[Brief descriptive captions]
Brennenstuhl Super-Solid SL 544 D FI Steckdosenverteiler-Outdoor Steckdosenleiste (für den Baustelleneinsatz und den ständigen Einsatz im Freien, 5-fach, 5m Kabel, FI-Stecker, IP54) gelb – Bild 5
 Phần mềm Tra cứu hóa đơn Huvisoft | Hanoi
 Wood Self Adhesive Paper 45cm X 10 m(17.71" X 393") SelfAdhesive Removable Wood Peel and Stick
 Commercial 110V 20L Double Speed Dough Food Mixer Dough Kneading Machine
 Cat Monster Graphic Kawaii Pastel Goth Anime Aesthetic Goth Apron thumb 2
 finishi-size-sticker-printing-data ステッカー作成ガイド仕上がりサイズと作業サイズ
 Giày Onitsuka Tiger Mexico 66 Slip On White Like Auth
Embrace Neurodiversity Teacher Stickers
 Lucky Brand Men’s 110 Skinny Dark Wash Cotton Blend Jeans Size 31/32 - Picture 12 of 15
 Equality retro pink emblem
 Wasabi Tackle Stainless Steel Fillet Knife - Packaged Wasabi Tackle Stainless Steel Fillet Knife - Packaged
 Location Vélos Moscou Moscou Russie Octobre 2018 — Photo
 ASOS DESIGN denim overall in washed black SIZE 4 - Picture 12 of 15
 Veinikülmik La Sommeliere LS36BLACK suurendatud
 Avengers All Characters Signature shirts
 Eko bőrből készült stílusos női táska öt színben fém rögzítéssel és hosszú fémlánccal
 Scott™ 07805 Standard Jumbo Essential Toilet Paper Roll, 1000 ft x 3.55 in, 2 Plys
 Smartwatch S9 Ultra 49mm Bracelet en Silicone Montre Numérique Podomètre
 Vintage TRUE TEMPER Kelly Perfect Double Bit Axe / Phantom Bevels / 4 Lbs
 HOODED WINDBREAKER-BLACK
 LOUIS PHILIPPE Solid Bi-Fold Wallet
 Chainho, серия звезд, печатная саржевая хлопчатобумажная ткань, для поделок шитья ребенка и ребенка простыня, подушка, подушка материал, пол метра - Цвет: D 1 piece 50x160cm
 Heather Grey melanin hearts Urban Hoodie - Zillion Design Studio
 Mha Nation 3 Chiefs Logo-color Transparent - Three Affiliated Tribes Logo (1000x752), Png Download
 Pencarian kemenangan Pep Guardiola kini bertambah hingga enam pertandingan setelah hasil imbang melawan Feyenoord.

** Your task **
Nothing in the records may be left out; reproduce them exactly.

** Completed exercise **
Brennenstuhl Super-Solid SL 544 D FI Steckdosenverteiler-Outdoor Steckdosenleiste (für den Baustelleneinsatz und den ständigen Einsatz im Freien, 5-fach, 5m Kabel, FI-Stecker, IP54) gelb – Bild 5
 Phần mềm Tra cứu hóa đơn Huvisoft | Hanoi
 Wood Self Adhesive Paper 45cm X 10 m(17.71" X 393") SelfAdhesive Removable Wood Peel and Stick
 Commercial 110V 20L Double Speed Dough Food Mixer Dough Kneading Machine
 Cat Monster Graphic Kawaii Pastel Goth Anime Aesthetic Goth Apron thumb 2
 finishi-size-sticker-printing-data ステッカー作成ガイド仕上がりサイズと作業サイズ
 Giày Onitsuka Tiger Mexico 66 Slip On White Like Auth
Embrace Neurodiversity Teacher Stickers
 Lucky Brand Men’s 110 Skinny Dark Wash Cotton Blend Jeans Size 31/32 - Picture 12 of 15
 Equality retro pink emblem
 Wasabi Tackle Stainless Steel Fillet Knife - Packaged Wasabi Tackle Stainless Steel Fillet Knife - Packaged
 Location Vélos Moscou Moscou Russie Octobre 2018 — Photo
 ASOS DESIGN denim overall in washed black SIZE 4 - Picture 12 of 15
 Veinikülmik La Sommeliere LS36BLACK suurendatud
 Avengers All Characters Signature shirts
 Eko bőrből készült stílusos női táska öt színben fém rögzítéssel és hosszú fémlánccal
 Scott™ 07805 Standard Jumbo Essential Toilet Paper Roll, 1000 ft x 3.55 in, 2 Plys
 Smartwatch S9 Ultra 49mm Bracelet en Silicone Montre Numérique Podomètre
 Vintage TRUE TEMPER Kelly Perfect Double Bit Axe / Phantom Bevels / 4 Lbs
 HOODED WINDBREAKER-BLACK
 LOUIS PHILIPPE Solid Bi-Fold Wallet
 Chainho, серия звезд, печатная саржевая хлопчатобумажная ткань, для поделок шитья ребенка и ребенка простыня, подушка, подушка материал, пол метра - Цвет: D 1 piece 50x160cm
 Heather Grey melanin hearts Urban Hoodie - Zillion Design Studio
 Mha Nation 3 Chiefs Logo-color Transparent - Three Affiliated Tribes Logo (1000x752), Png Download
 Pencarian kemenangan Pep Guardiola kini bertambah hingga enam pertandingan setelah hasil imbang melawan Feyenoord.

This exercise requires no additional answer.